Never hanging again

June 4th, 2018by Agonizing

Noose snapped still tied to my neck and I was too disoriented to tell, found myself in the bathroom looking in the mirror feeling extreme strain and not knowing why I was feeling increasing danger, and I said out “what’s going on?” thinking i had come out the noose hence the fact i was now in the bathroom away from the hanging wardrobe, I was confused I could still feel the tie and i started picking at it and then saw it was frayed, i pulled at it desperately until I could loosen the rope, I got it off and threw myself on the bed with my heart beating hard for 10 minutes, I have a bruised eye, one side of my throat is killing me, my wind pipe feels crushed and my right elbow feels fucked.

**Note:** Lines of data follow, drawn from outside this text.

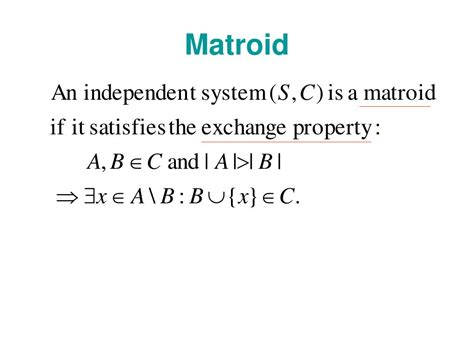 Image result for Matroid Introduction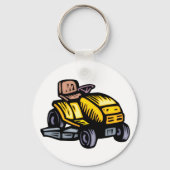 Riding Lawn Mower Sleutelhanger (Voorkant)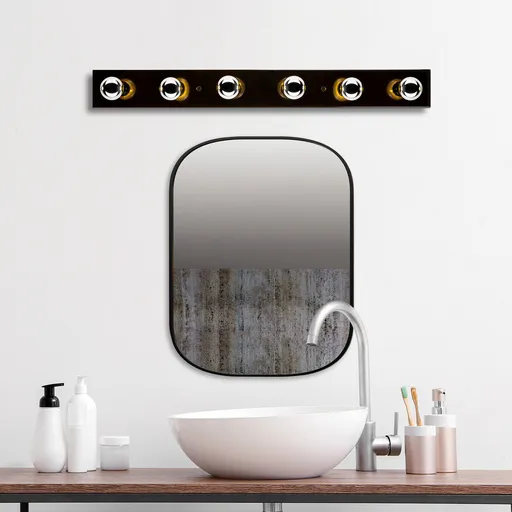 Aplica de perete, Opviq, 942FLG2184, Negru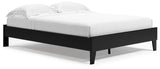 Finch Black Queen Platform Bed with Dresser and 2 Nightstands from Ashley - Luna Furniture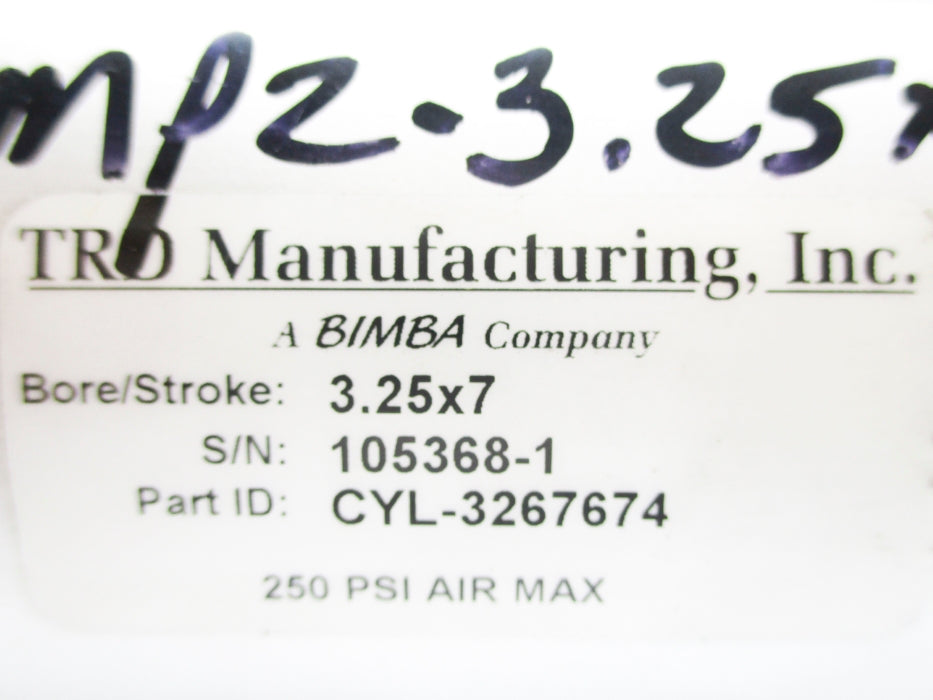TRD MANIFACTURING CYL-3267674 250PSI UNMP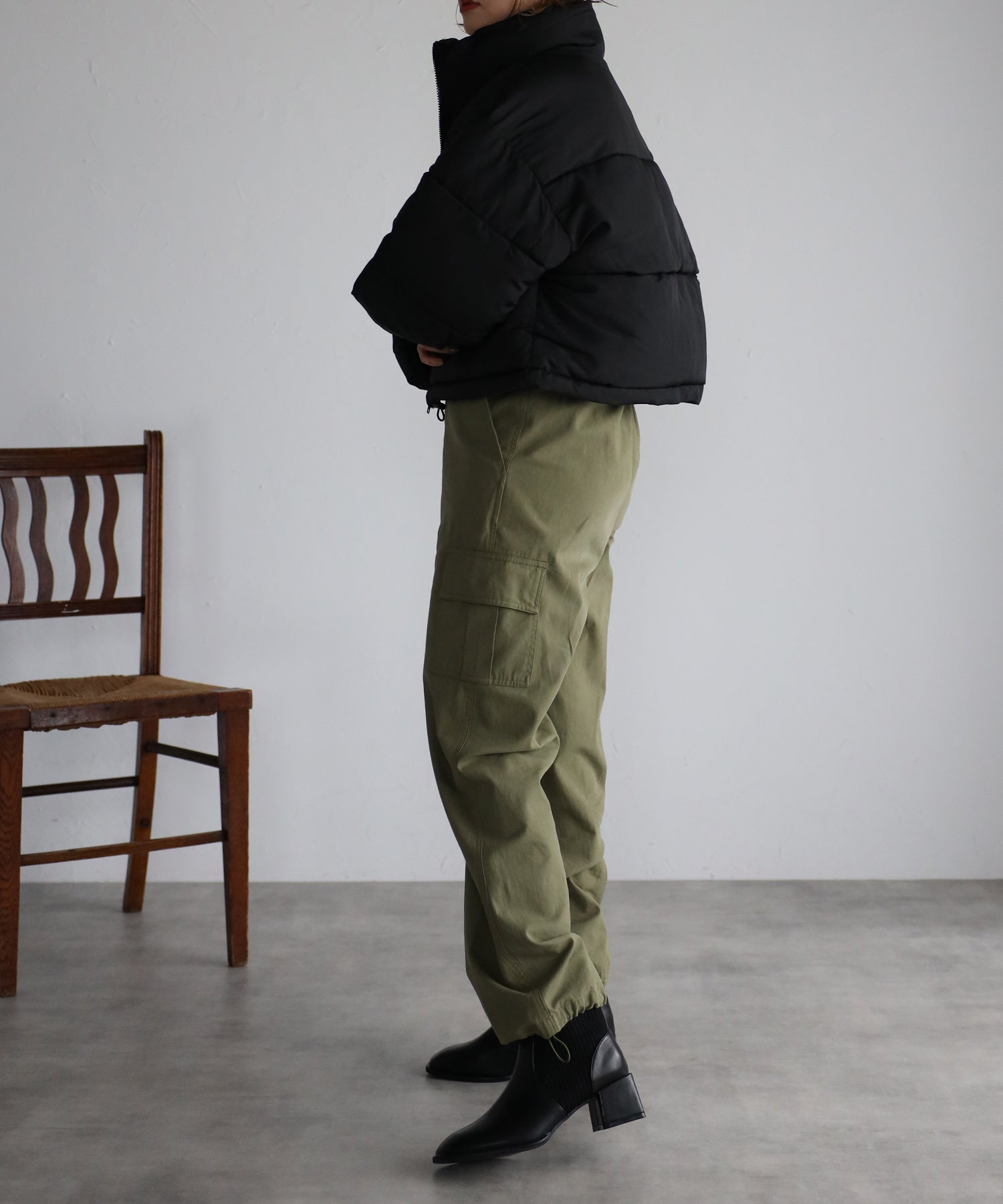 ボンジュールサガン BONJOUR SAGAN ソックスショートブーツ （beige） beige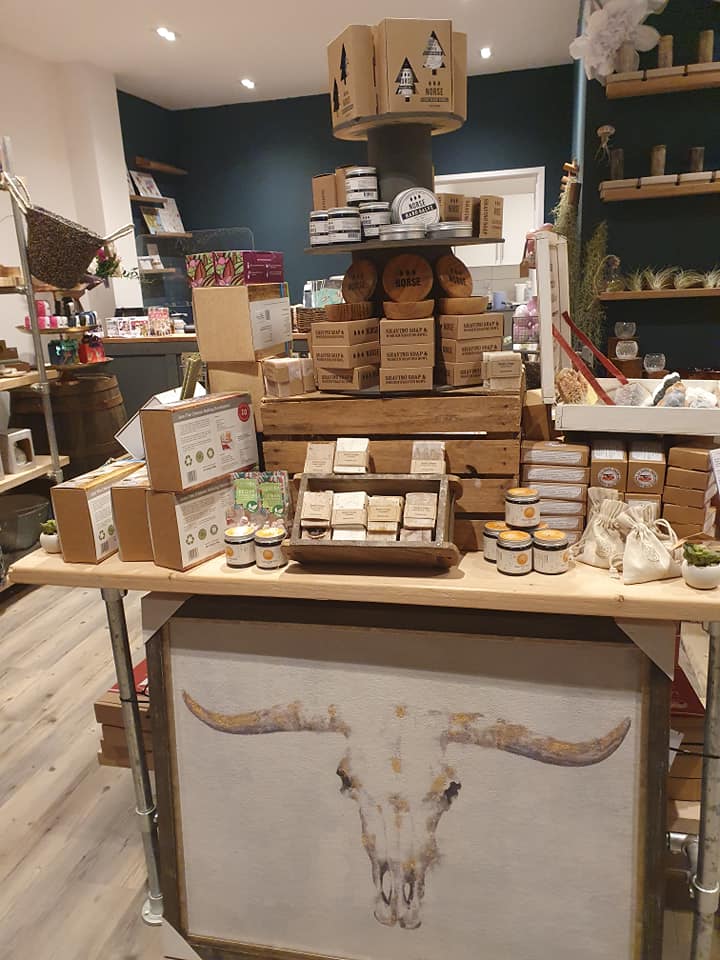 Victoria Rowley from Stroud has opened a new family-run homeware and gift shop at the Five Valleys Shopping Centre in Stroud, championing locally sourced handmade products and independent brands. DPL205 | Stroudie Victoria at home in the Five Valleys Shopping Centre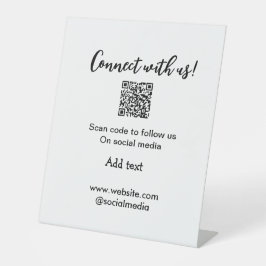 Contact met ons opnemen QR-code scannen Website to Reclamebord Met Voetstuk
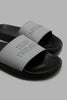 Redtag-Grey-Strap-Embossed-Slide-Sliders-Men's-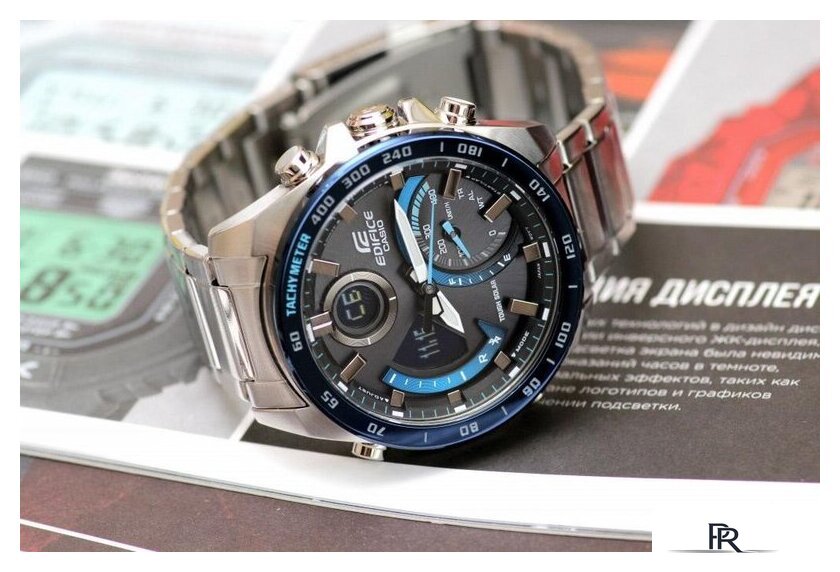 Наручные часы Casio Edifice ECB-900DB-1B - Изображение №6 — Интернет-магазин ПроЗаказ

Things where i tried to hang were strewn all over the floor and my phone was in pieces, which makes me think there was a struggle before i broke the tie. I wish I hadn’t got the noose off I only had about 30 seconds of consciousness to go, I’d be dead by now, my body doesn’t want it but every other part of my consciousness does, it’s the only thing for me to do without a doubt. I don’t think I would hesitate to overdose, I’d do it right now just to avoid the pain of waking up tomorrow let alone years into the future. Seriously need to get these drugs. I can’t imagine months of waiting like this, and I don’t want to make it a whole year of suffering before I can end it.